**Problem to solve:**
What is needed is an exact copy of the lines from the one containing "Egr FORD FOCUS" through the last line of the records below, with no pictures.

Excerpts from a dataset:
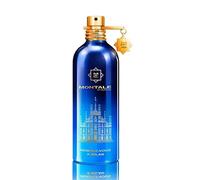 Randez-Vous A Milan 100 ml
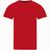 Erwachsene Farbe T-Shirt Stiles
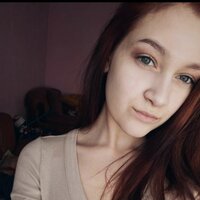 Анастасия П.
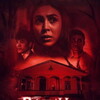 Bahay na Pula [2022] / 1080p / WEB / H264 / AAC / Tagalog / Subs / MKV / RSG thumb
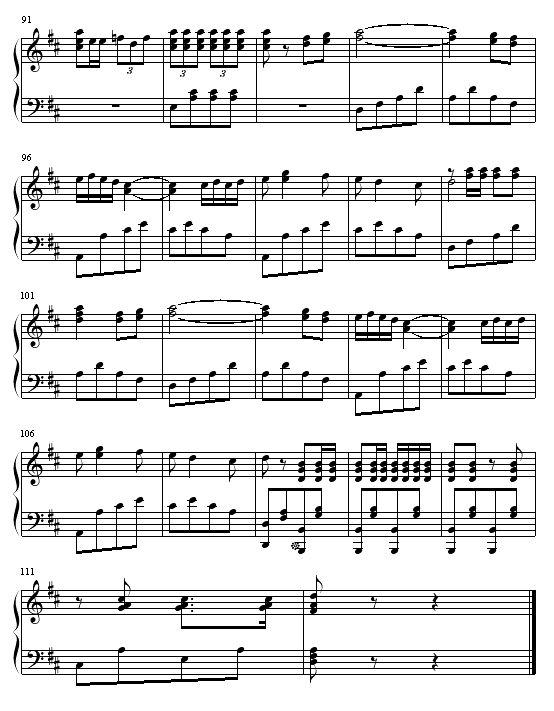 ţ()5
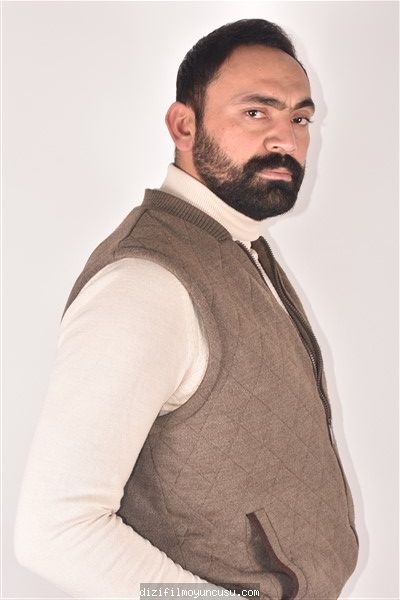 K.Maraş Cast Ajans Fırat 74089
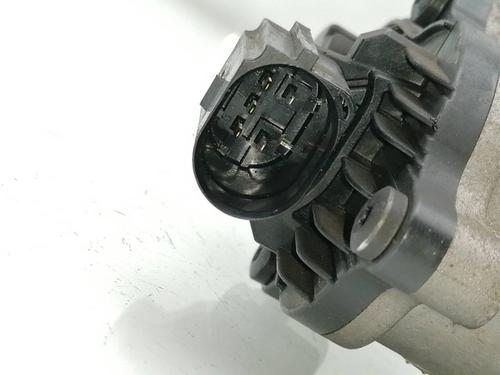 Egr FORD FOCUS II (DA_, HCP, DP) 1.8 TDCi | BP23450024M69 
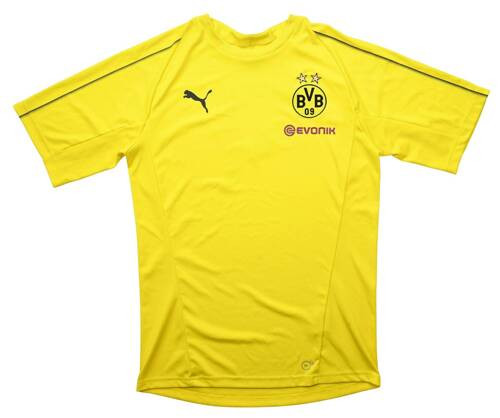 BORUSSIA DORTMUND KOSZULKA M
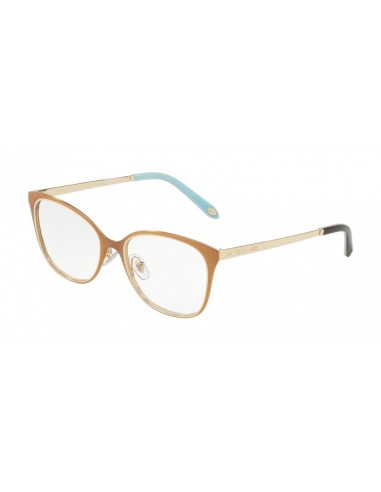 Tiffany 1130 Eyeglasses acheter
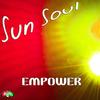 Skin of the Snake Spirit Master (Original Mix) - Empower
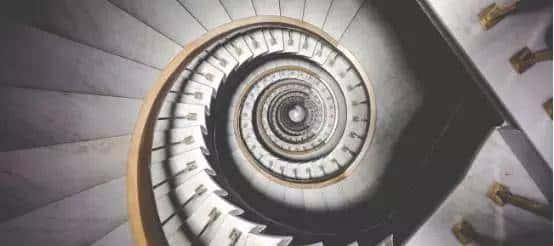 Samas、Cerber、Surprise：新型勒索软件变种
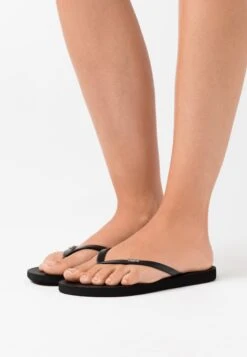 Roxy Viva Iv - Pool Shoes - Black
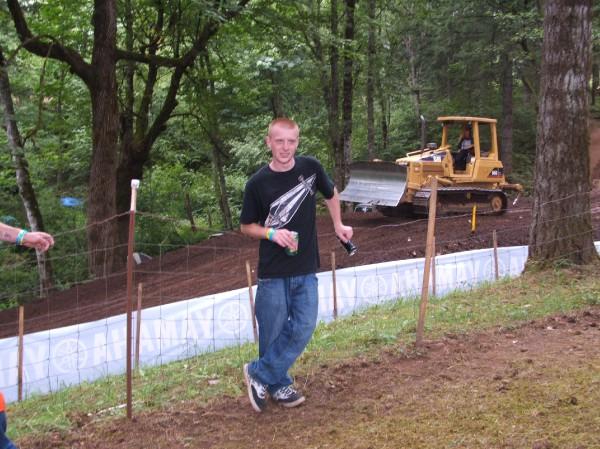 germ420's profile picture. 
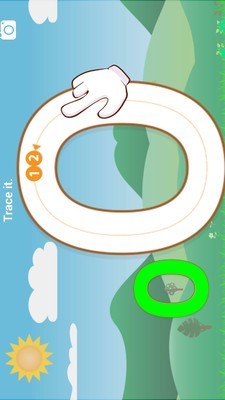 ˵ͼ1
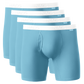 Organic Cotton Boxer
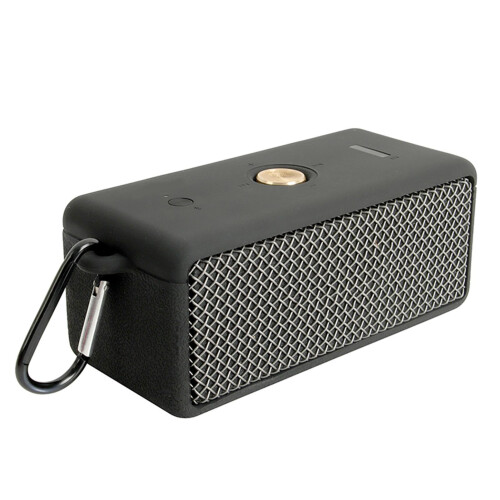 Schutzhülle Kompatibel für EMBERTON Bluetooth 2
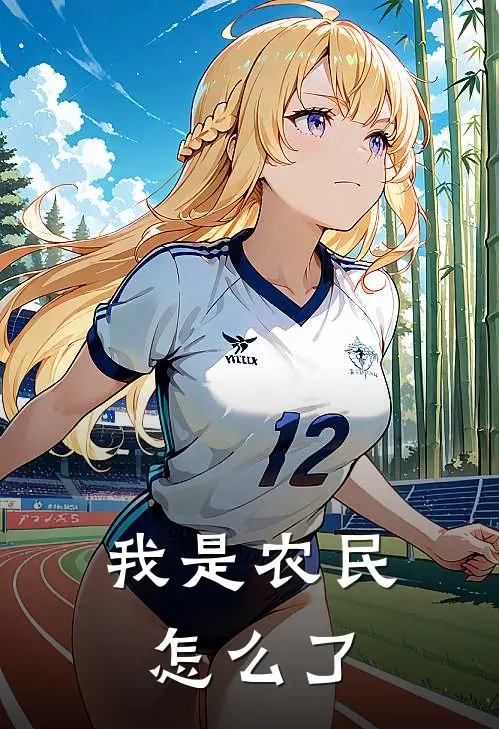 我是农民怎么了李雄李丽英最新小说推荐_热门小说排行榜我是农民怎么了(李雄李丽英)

**Problem solution:**
 Egr FORD FOCUS II (DA_, HCP, DP) 1.8 TDCi | BP23450024M69 
 BORUSSIA DORTMUND KOSZULKA M
 Tiffany 1130 Eyeglasses acheter
 Skin of the Snake Spirit Master (Original Mix) - Empower
 Samas、Cerber、Surprise：新型勒索软件变种
 Roxy Viva Iv - Pool Shoes - Black
 germ420's profile picture. 
 ˵ͼ1
 Organic Cotton Boxer
 Schutzhülle Kompatibel für EMBERTON Bluetooth 2
 我是农民怎么了李雄李丽英最新小说推荐_热门小说排行榜我是农民怎么了(李雄李丽英)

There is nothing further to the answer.